De vez en cuando uno conoce a alguien que se ha convertido. Suelen tener una historia más o menos truculenta, de vida alejada de Dios y con valores contrapuestos al Evangelio. Y, muchas veces por los motivos más inverosímiles, se han encontrado con Cristo, han rehecho su vida y ahora -después del fogonazo inicial-, van profundizando en el amor de Dios. A los que hemos tenido una vida sin grandes sobresaltos en ocasiones te dan cierta envidia por tener una experiencia que contar tan viva y atrayente y además con buen final. Hasta que recapacitas y te das cuenta que no es mejor estar lejos de Cristo para luego acercarse, que no hace falta ser un gran pecador para comprender la profundidad de la misericordia, que no hace falta que te peguen para poner la otra mejilla y no hay que estar en la cárcel para aprender a no juzgar a nadie.

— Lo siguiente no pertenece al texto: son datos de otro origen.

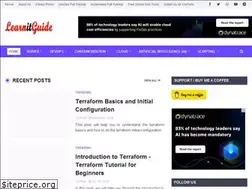 Sites similar to learnitguide.net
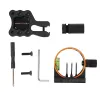 Darts Toparchery Threepin /FivePin Bow Sight Plastic para accesorio de caza al aire libre de referencia de arco compuesto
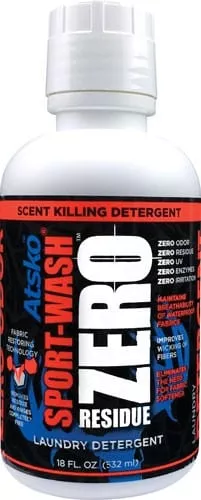 Atsko Zero Sport Wash Laundry Detergent (18 oz.)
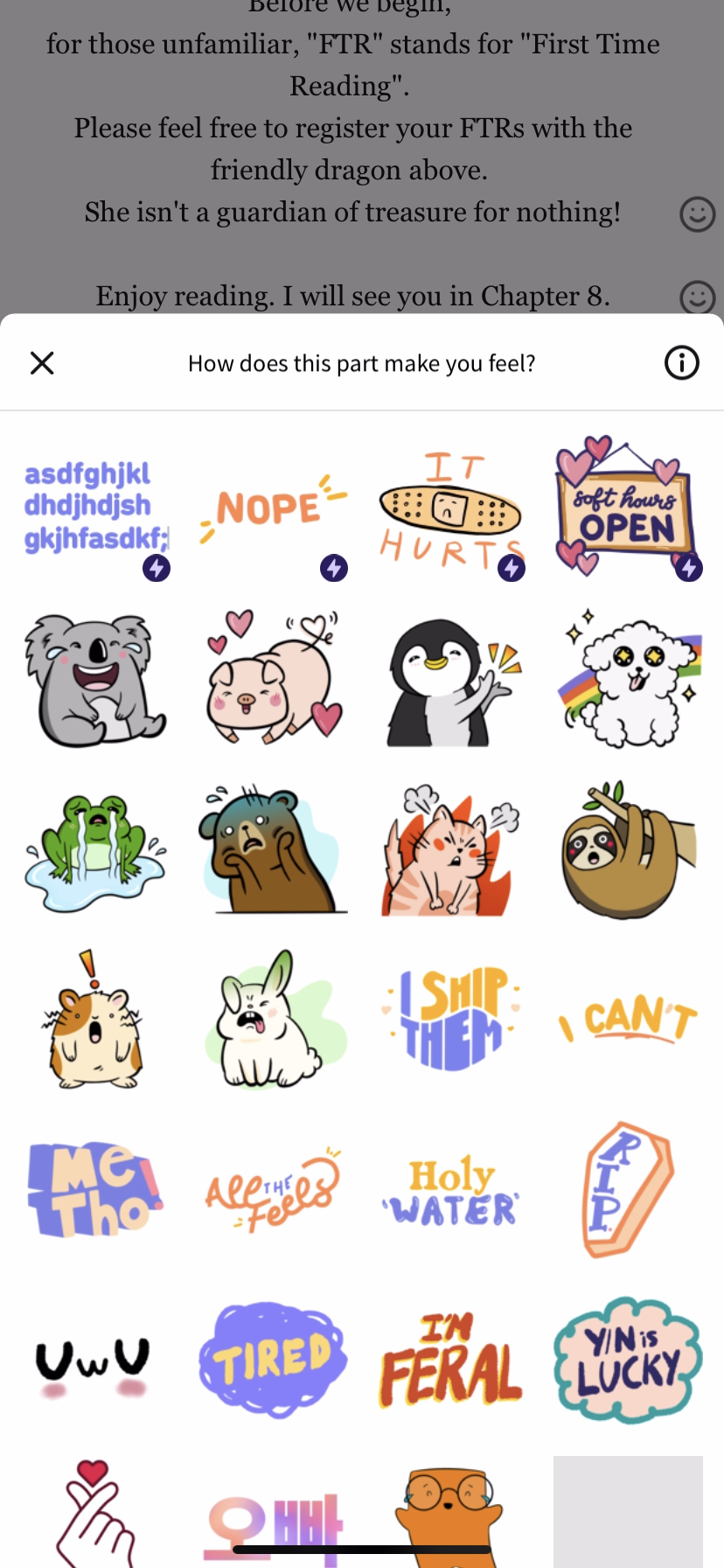 Wattpad screenshot 21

Me alegran mucho las historias de conversión, y me alegra mucho las historias de fidelidad.

“Señor, nos abruma la vergüenza: a nuestros reyes, príncipes y padres, porque hemos pecado contra ti. Pero, aunque nosotros nos hemos rebelado, el Señor, nuestro Dios, es compasivo y perdona”. Dios es compasivo y perdona. No es nada agradable cuando estás en el confesionario y alguien se pone a llorar (sea del sexo que sea). Pero casi es más desagradable cuando alguien va a confesarse como un acto rutinario, incluso aburrido. Está haciendo un trámite que cree necesario para su salvación, pero sin poner el corazón y sin agradecimiento. “Lo normal”, “lo de todo el mundo”, “soy así”, son expresiones que deberían desterrarse del confesionario. Te dan ganas de felicitarle en vez de darle la absolución:«Pues nada, hijo, sigue siendo tan “normal”» Ojalá cada confesión pudiera ser un acto de verdadero arrepentimiento, de vergüenza por nuestros pecados ante Dios que nos quiere tanto y salgamos dispuestos a convertirnos.

“Sed compasivos como vuestro Padre es compasivo; no juzguéis, y no seréis juzgados; no condenéis, y no seréis condenados; perdonad, y seréis perdonados; dad, y se os dará: os verterán una medida generosa, colmada, remecida, rebosante.” Algunos utilizan estas frases de Jesús contra la confesión y sin embargo son el reflejo de lo que el sacramento de la misericordia es. Se es compasivo pues uno no se sitúa desde la posición de ser una máquina de dar absoluciones, sino que sufre y padece con los que sufren, comprende la debilidad humana y la fuerza del pecado, las luchas -interiores y exteriores-, de los que se confiesan y le animamos en su esfuerzo, asistidos por el Espíritu Santo. No se juzga pues el sacerdote no se hace opinión sobre esa persona. no puede decir que está bien lo que está mal, ni que está mal lo que está bien. Si se juzgan los actos, pero no al que acude a buscar la misericordia. El que tienes delante siempre es un hijo de Dios, más o menos errado, pero hijo que Dios que busca la misericordia. No se condena, pues el único pecado que no se puede perdona es el de no querer pedir perdón y siempre se ofrece la misericordia, aunque haya algunos que no quieren acogerla. Se da, la Palabra de Dios y su perdón que nos mueve a la conversión y se vierte una medida que ninguno podemos imaginar, la del perdón misericordioso de Dios. Cuando confiesas te das cuenta que Dios es mucho más bueno que tu y eso te ayuda a intentar ser mejor.

La Virgen nos ayudará en esta cuaresma a ser mejores penitentes… y mejores confesores.